ACTIVITY: Nothing but the lines from the one containing "Fernando Alonso, Renault" to the end of the records that follow should be transcribed, each exactly, with the pictures left out.

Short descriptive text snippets
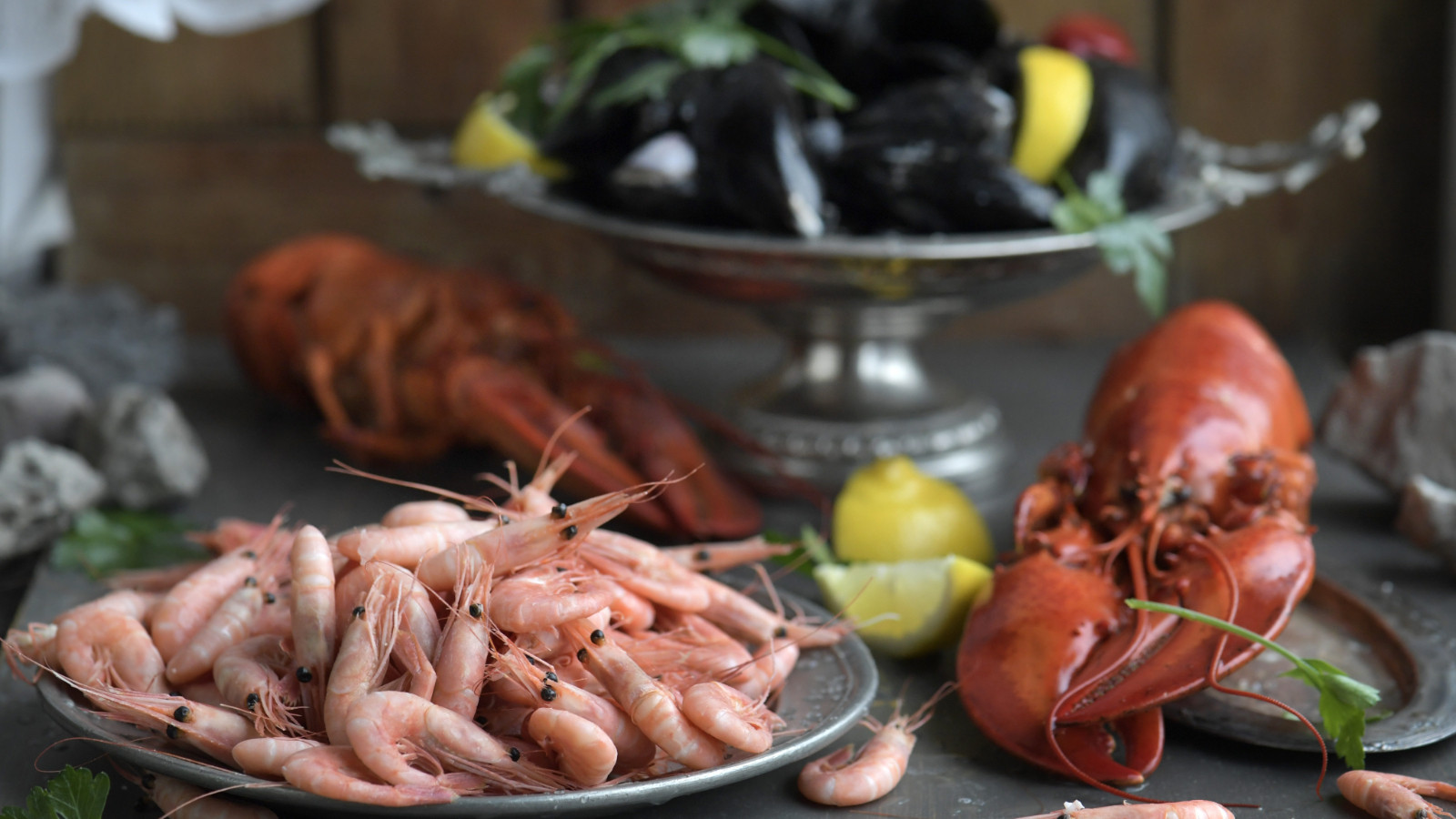 Istakozların canlı canlı kaynar suya atılması yasaklanıyor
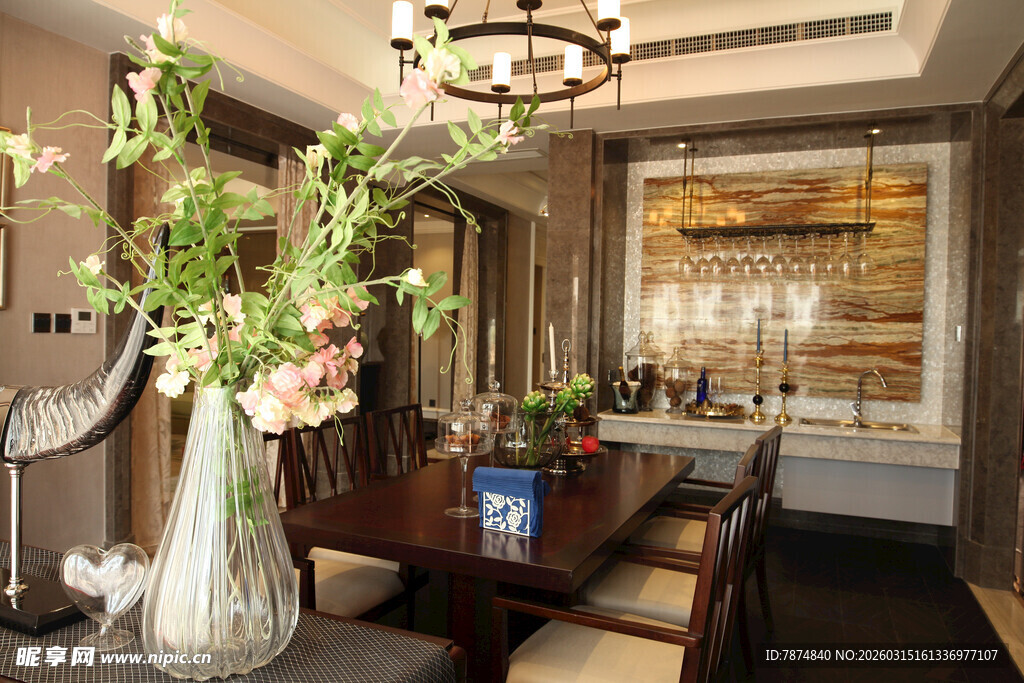 优雅温馨的室内餐厅场景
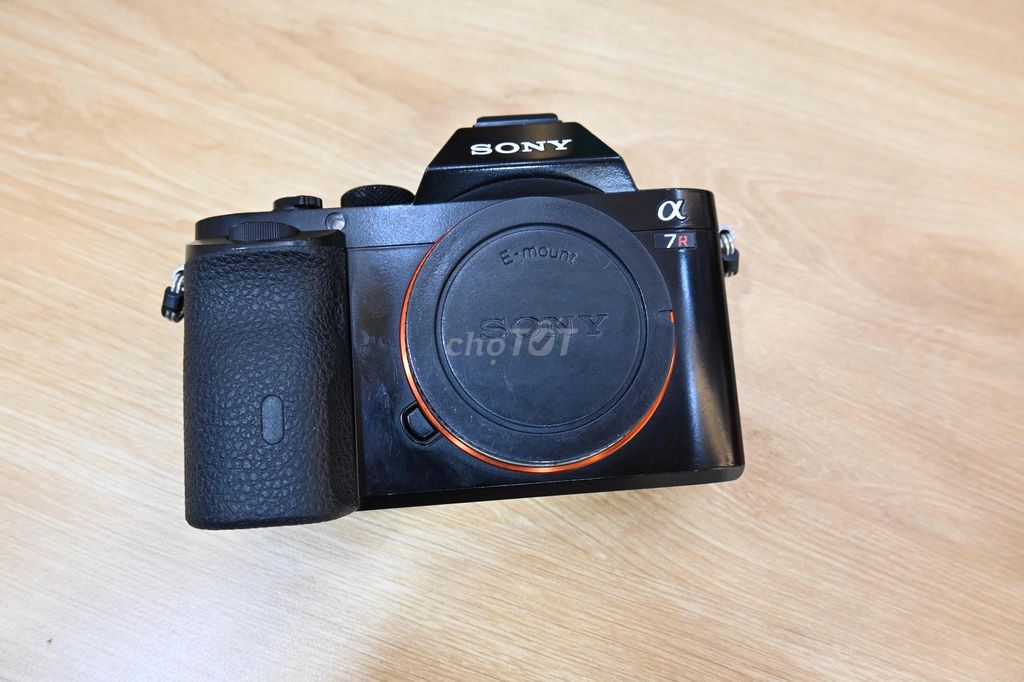 Máy ảnh Sony A7R Đẹp 11k. Mua bán Máy ảnh, Máy quay tại Quận Tân Bình Tp Hồ Chí Minh được đăng bởi Lê Thị Phương Thảo hình 1
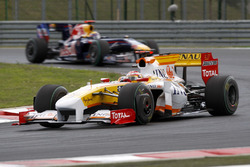 Fernando Alonso, Renault F1 Team R29 devance Mark Webber, Red Bull Racing RB5
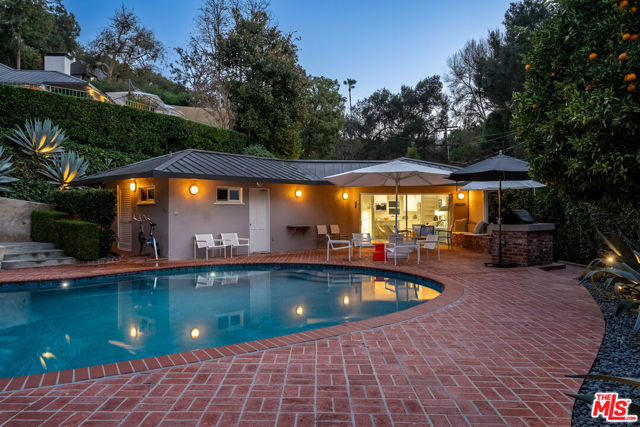 3818 Hollyline Avenue, Sherman Oaks CA: https://media.crmls.org/mediaz/28f84aa5-c222-414e-b383-94552d78ad8f.jpg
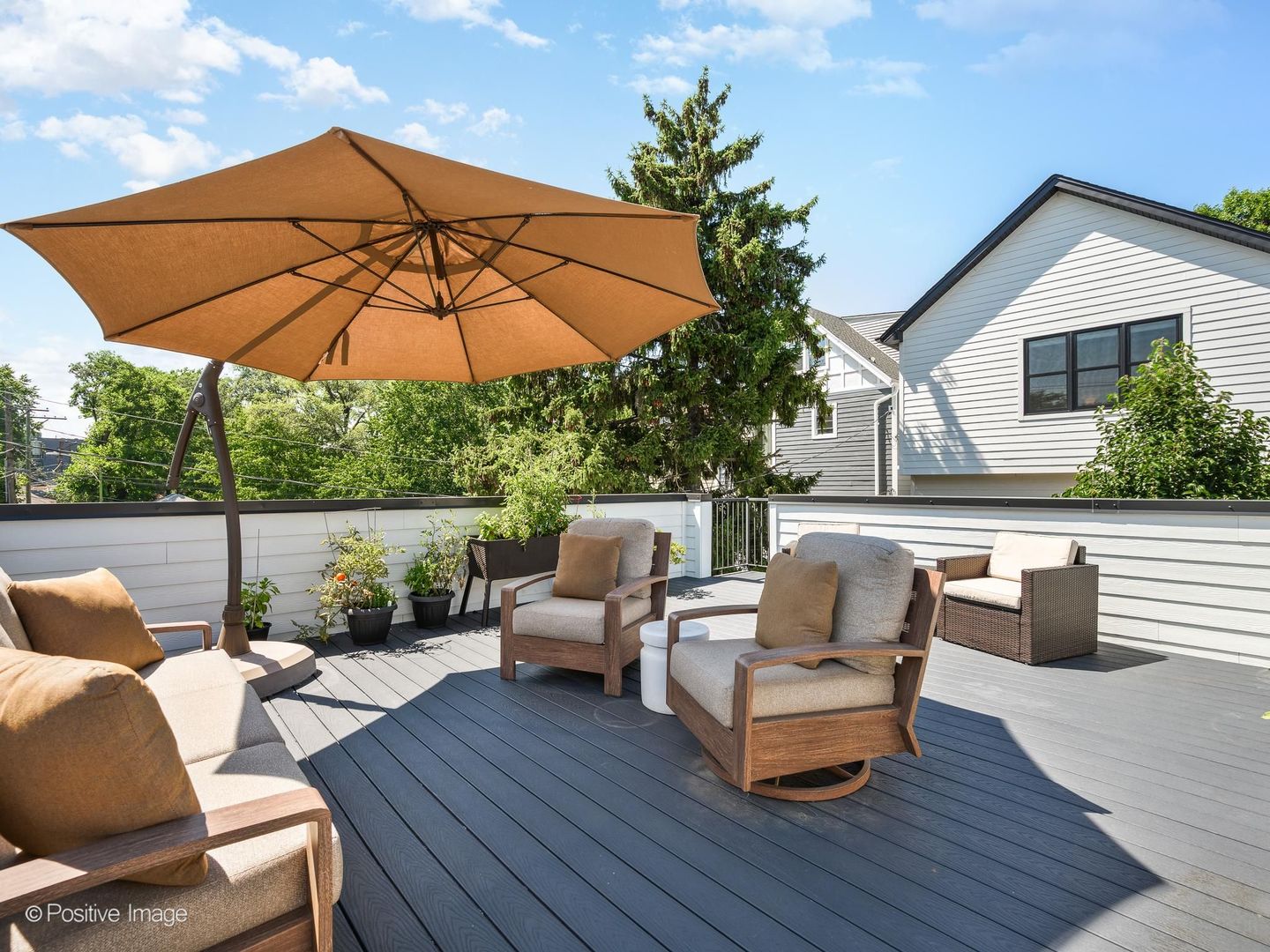 Homes for sale in Chicago, IL | 2251 W Berwyn Ave, Chicago, IL 60625 | MLS# 12707402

EXERCISE OUTPUT:
 Fernando Alonso, Renault F1 Team R29 devance Mark Webber, Red Bull Racing RB5
 3818 Hollyline Avenue, Sherman Oaks CA: https://media.crmls.org/mediaz/28f84aa5-c222-414e-b383-94552d78ad8f.jpg
 Homes for sale in Chicago, IL | 2251 W Berwyn Ave, Chicago, IL 60625 | MLS# 12707402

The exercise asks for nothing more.